In her corner office with a wall of windows and stuffed bookshelves, Erika Weinthal keeps a photo of her father. He came to the United States from Germany in 1940. And for a German Jew, that was extremely late. According to the family stories, Weinthal’s father left on the second to last boat from Italy. It is no surprise that he was never a big traveler after his arrival to America. As Weinthal describes it, “America…was the country that saved him.” Not only did it protect him, but it also gave his children opportunities that he did not have, such as going to college.
Weinthal, Lee Hill Snowdon Professor of Environmental Policy in Duke’s Nicholas School of the Environment, took this opportunity to become the first in her family to attend college, launching her career researching environmental policy and water security in areas including the former Soviet Union, Middle East, East Africa, India and the United States.
In high school, Weinthal traveled as an exchange student to Germany, a country her relatives could never understand her desire to visit. “As a child of a refugee, you didn’t talk about the war,” she explains as she describes how this silence created her curiosity about what happened.

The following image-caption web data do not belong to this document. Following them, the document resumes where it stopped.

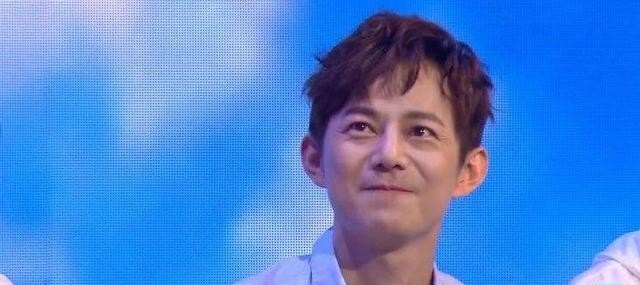 网络评论华晨宇的歌曲视频是真的吗 网络评论华晨宇的歌曲视频是真的吗 - 爱唱歌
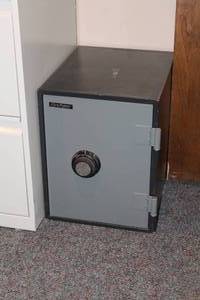 lot 316B image: Fire-Fyter Safe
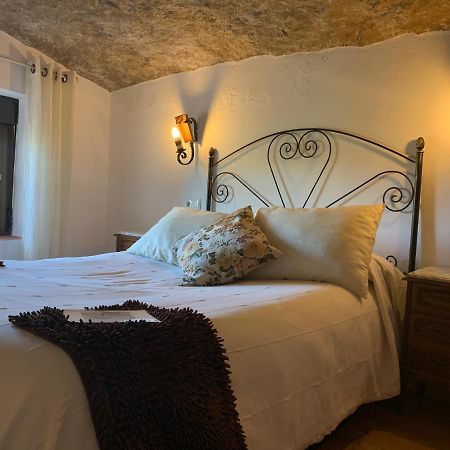Casa Cueva "Las Calcetas" Guest House Setenil De Las Bodegas Екстериор снимка
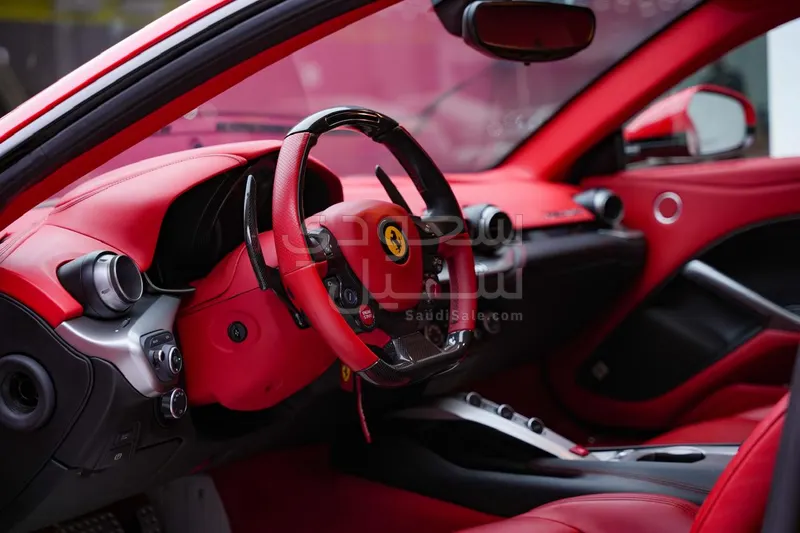 2016 فيراري اف 12 بيرلينيتا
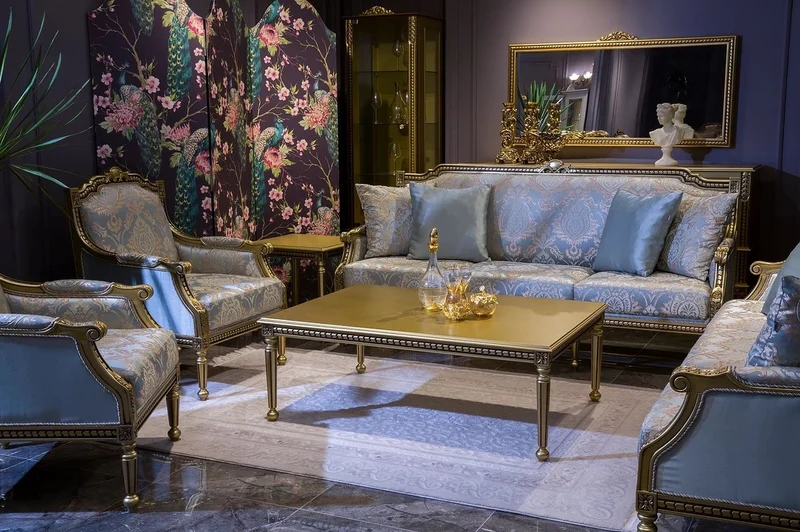 Casa Padrino Luxus Barock Sessel Hellblau / Gold 68 x 72 x H. 103 cm - Wohnzimmer Sessel mit elegantem Muster - Barock Wohnzimmer Möbel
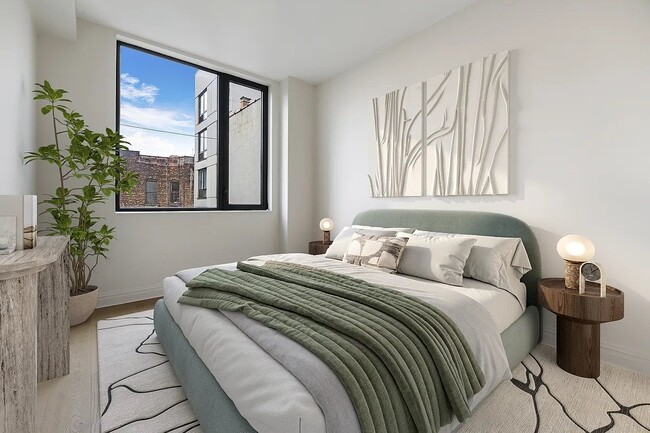 Building Photo - 127 W 112th St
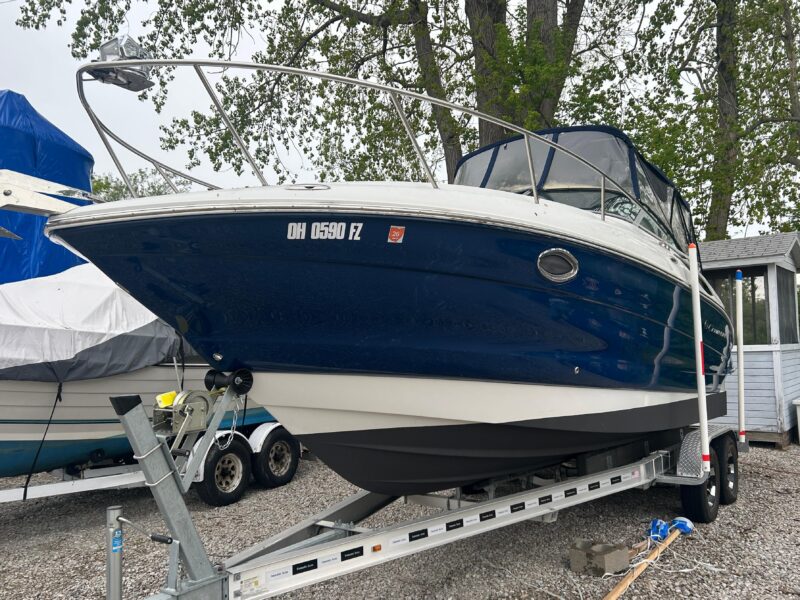 2010 Crownline 260 CR
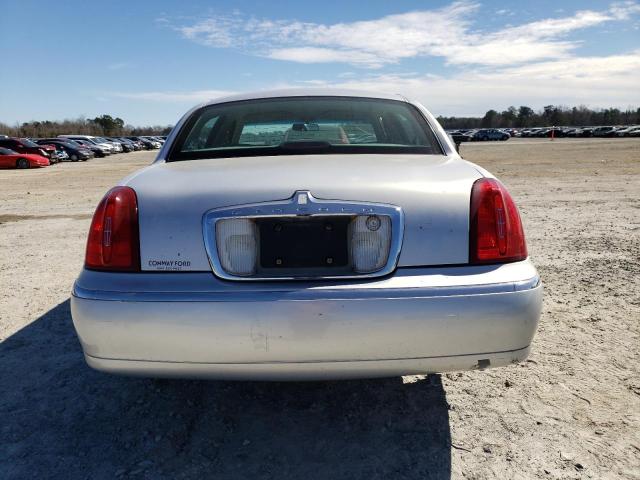 Photo 5 VIN: 1LNHM81W2XY678426 - LINCOLN TOWNCAR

That journey to Bremen marked only the first of many trips around the world. In the Middle East, she examines environmental policy between countries that share water. In India, she has researched the relationship between wildlife and humans near protected areas. “What do you do when protected wildlife destroys crops and threatens livelihoods?” she asks, proving that since her curiosity about the war, she has not stopped asking questions.
However, her specific interest in environmental science and policy came straight from a different war: the Cold War. She became obsessed with everything Russian partly thanks to a high school teacher who agreed to teach her Russian one-on-one. The teacher introduced Weinthal to Russian literature and poetry. While her parents, like many parents, would have loved for her to become a doctor or a lawyer, they still trusted her when she enrolled in Oberlin College intent on studying Soviet politics. A class on Soviet environment politics further increased her interest in water security.
Currently, her work contends that water should be viewed as a basic human need separate from the political conflicts in Palestine and Israel. She has studied how protracted conflict in the region has led to the deterioration of water quality in the Gaza Strip, creating a situation in which water is now unfit for human consumption. Weinthal argues that these regions should not view water as property to be secured but rather as a human right they should guarantee.
As a child of a refugee and a first-generation college student, Weinthal says “you grow up essentially so grateful for what others have sacrificed for you.” Her dad believed in giving back to the next generation. He accomplished that goal and, in the process, gave the world a researcher who’s invested in environmental policy and human rights.